Prompt:
Write the listing out again word for word, skipping each picture.
══ Data ══
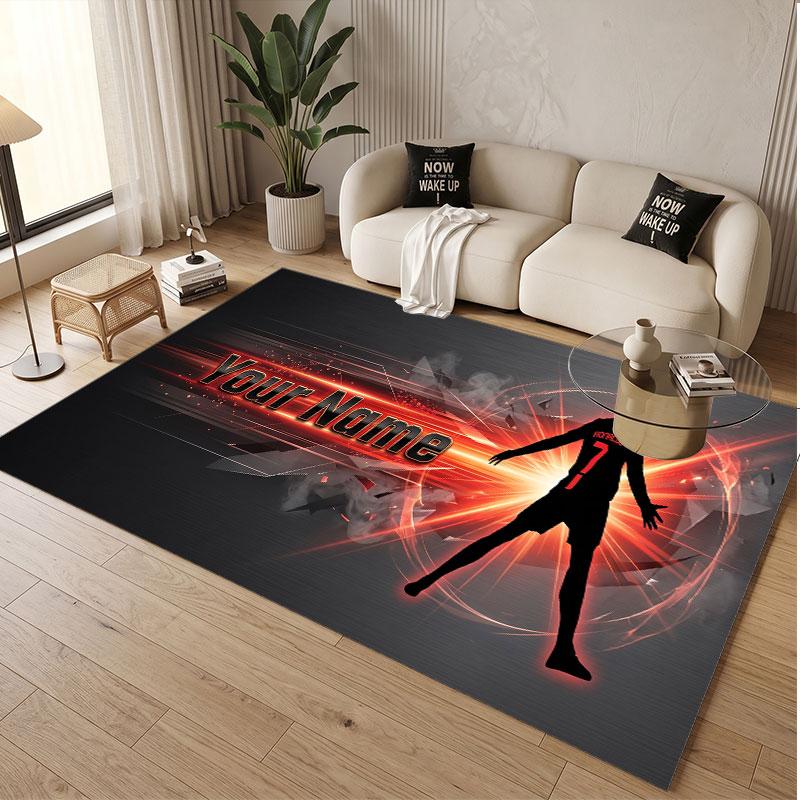Custom Rug Cristiano Ronaldo Pattern Print Name Text Soft Non‑Slip Floor Carpet for Home Indoor Decoration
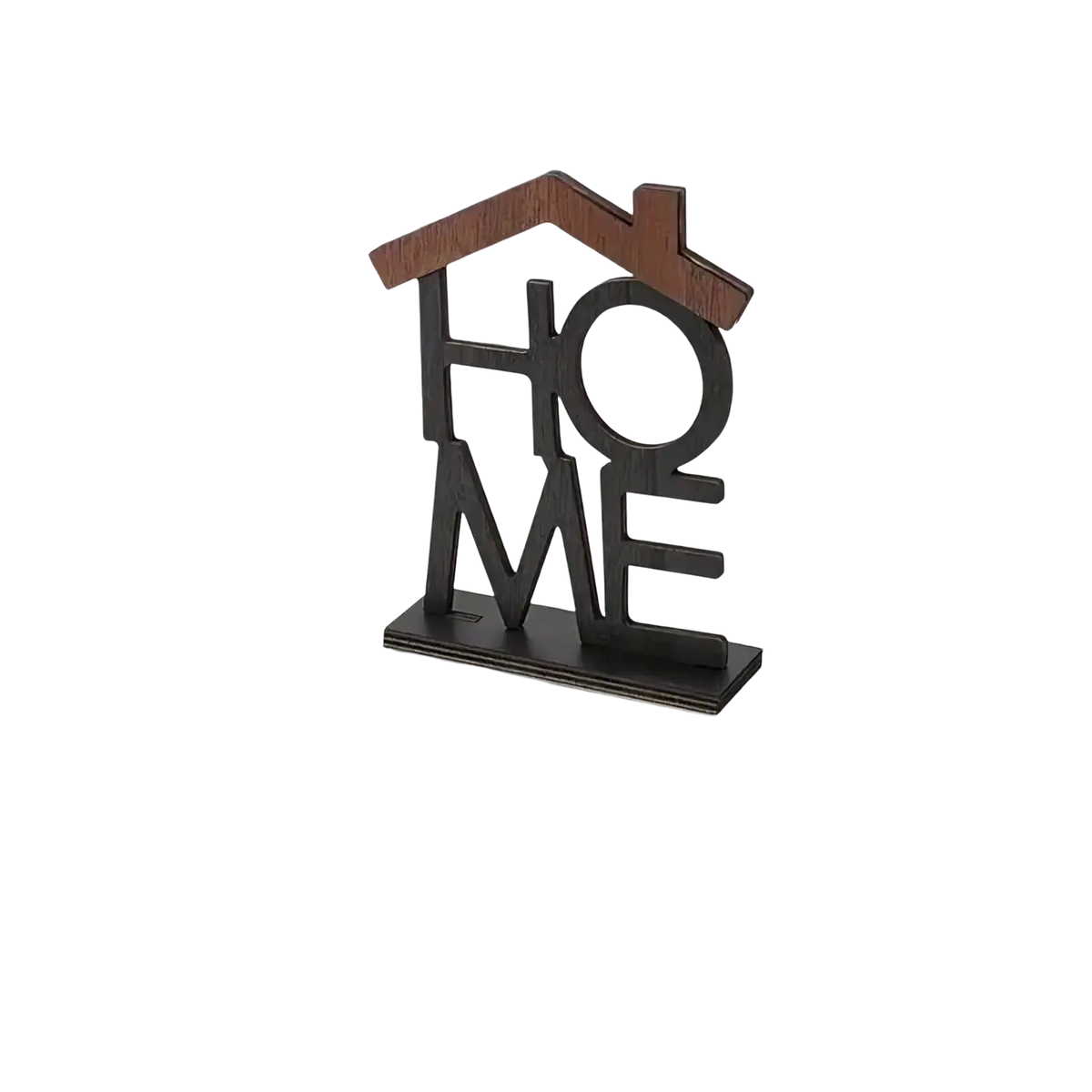 Wooden home sign shelf decor in black and brown wood with a sleek minimalist house-shaped design for desk display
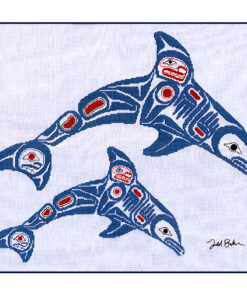 Two dolphins, blue with red details, arc through the air. Both are in Native line-art style, the smaller one below the other.
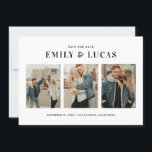 Schwarze Typografie Drei FotoCollage Save The Date<br><div class="desc">Schwarze Typografie Drei-Fotocollagen-Save the Date-Karte | Mit dieser modernen, Save the Date flachen Karte können Sie Ihr Hochzeitstag verkünden. Es zeigt einfache Typografie und drei Foto Collage. Dieses Foto Save the Date ist eine perfekte Möglichkeit, Ihre Lieblings-Verlobung-Fotos zu präsentieren. Ideal für jedes Hochzeitsthema.</div>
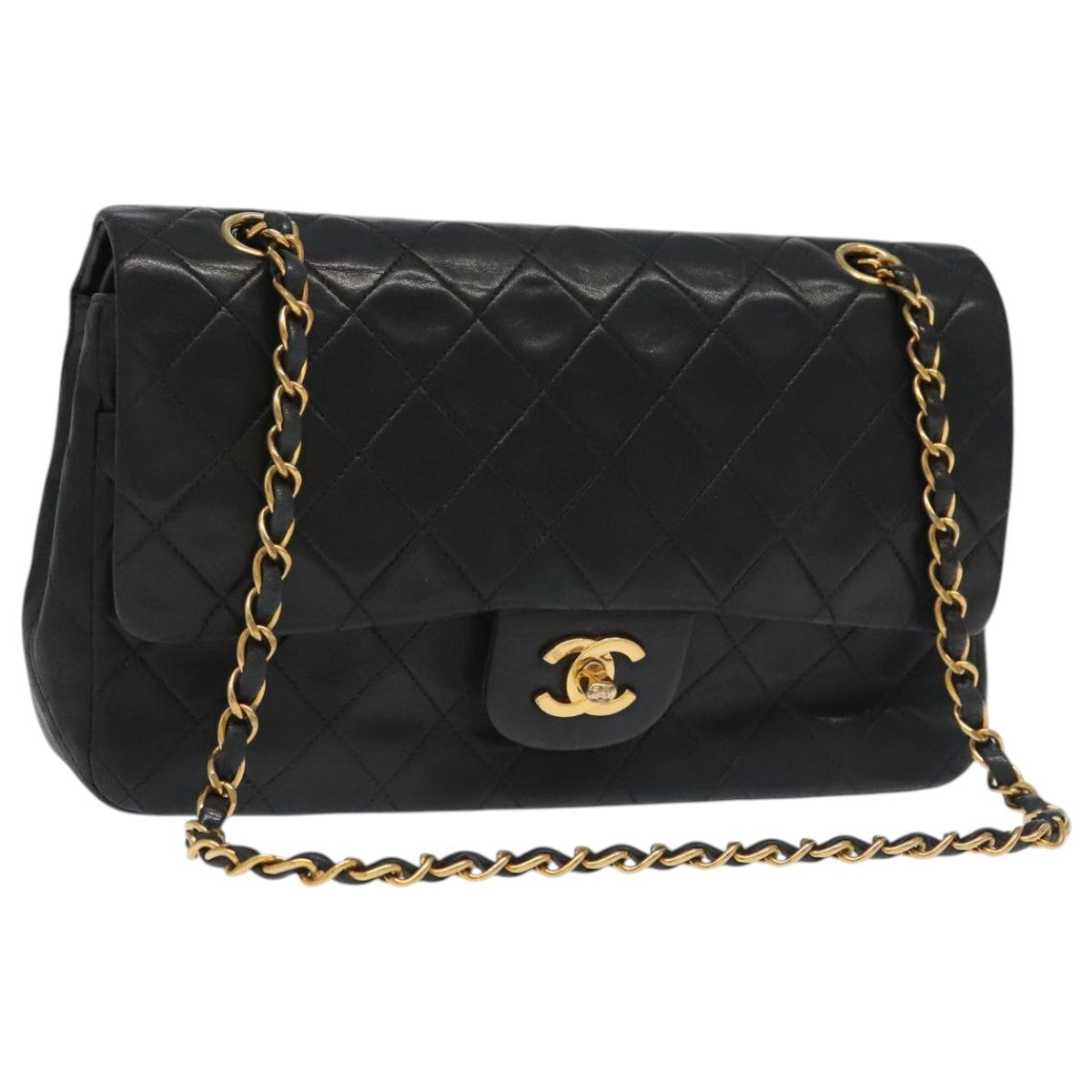 Chanel Vintage Classic Double Flap Quilted Lambskin Black Leather Shoulder Bag Bag (Pre-Owned)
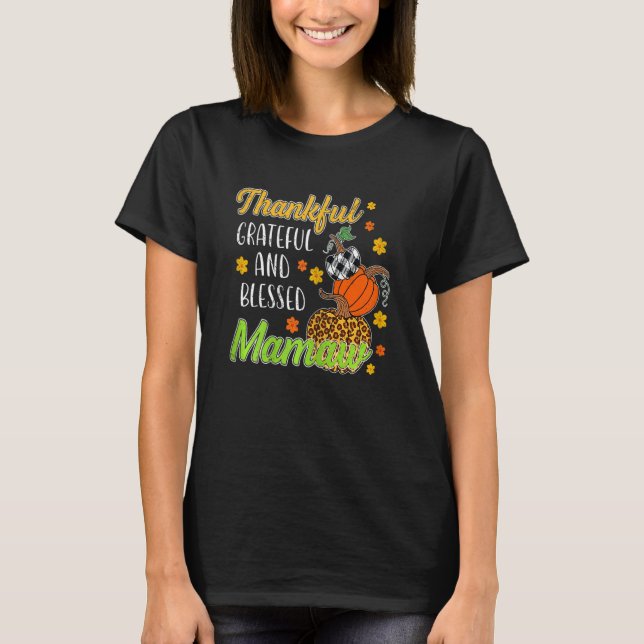 Camiseta Mulheres Graças Graças Feliz Abençoada Caiu outono (Frente)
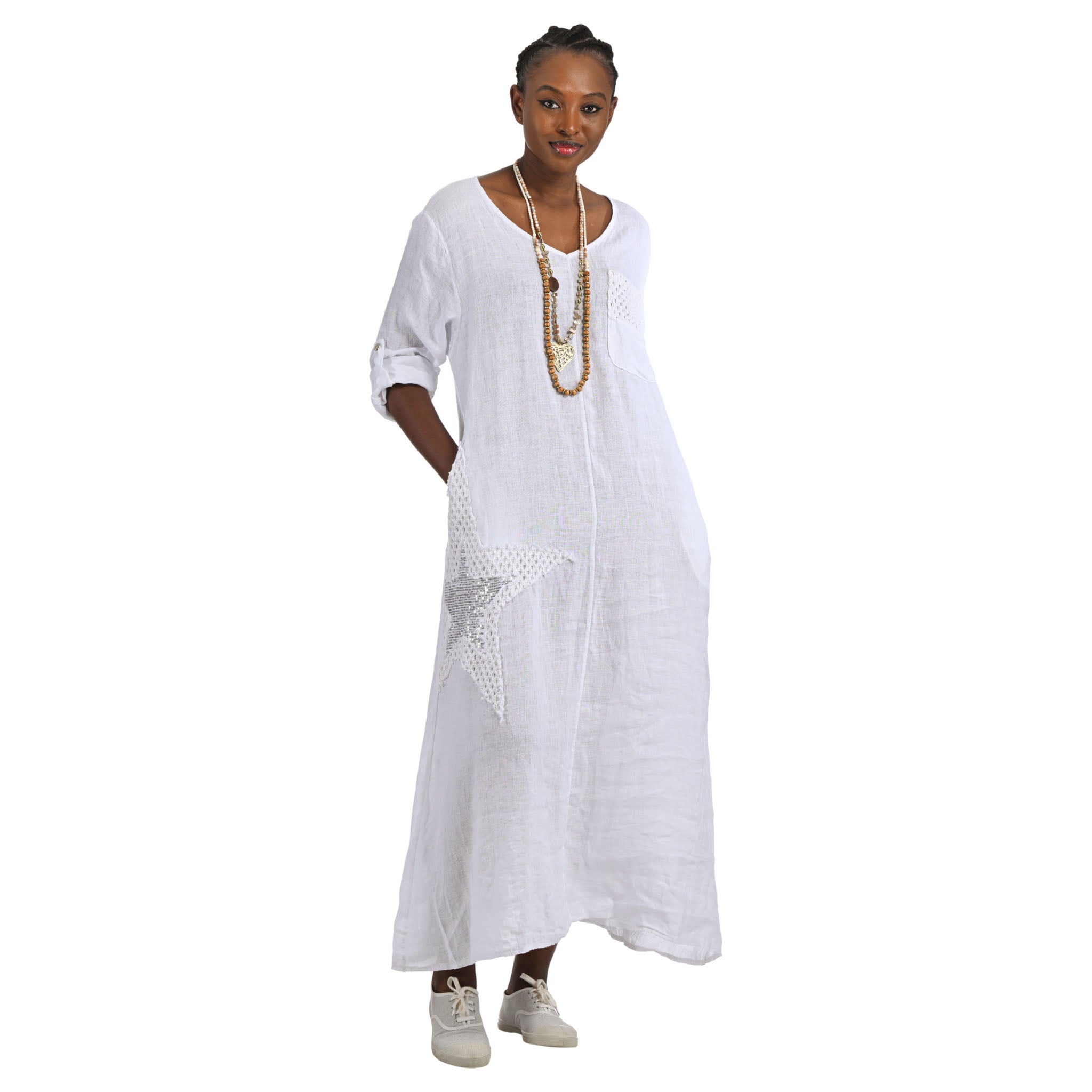 Giant sequin crochet star linen maxi dress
═══
Response area:
Custom Rug Cristiano Ronaldo Pattern Print Name Text Soft Non‑Slip Floor Carpet for Home Indoor Decoration
 Wooden home sign shelf decor in black and brown wood with a sleek minimalist house-shaped design for desk display
 Two dolphins, blue with red details, arc through the air. Both are in Native line-art style, the smaller one below the other.
 Schwarze Typografie Drei FotoCollage Save The Date<br><div class="desc">Schwarze Typografie Drei-Fotocollagen-Save the Date-Karte | Mit dieser modernen, Save the Date flachen Karte können Sie Ihr Hochzeitstag verkünden. Es zeigt einfache Typografie und drei Foto Collage. Dieses Foto Save the Date ist eine perfekte Möglichkeit, Ihre Lieblings-Verlobung-Fotos zu präsentieren. Ideal für jedes Hochzeitsthema.</div>
 Chanel Vintage Classic Double Flap Quilted Lambskin Black Leather Shoulder Bag Bag (Pre-Owned)
 Camiseta Mulheres Graças Graças Feliz Abençoada Caiu outono (Frente)
 Giant sequin crochet star linen maxi dress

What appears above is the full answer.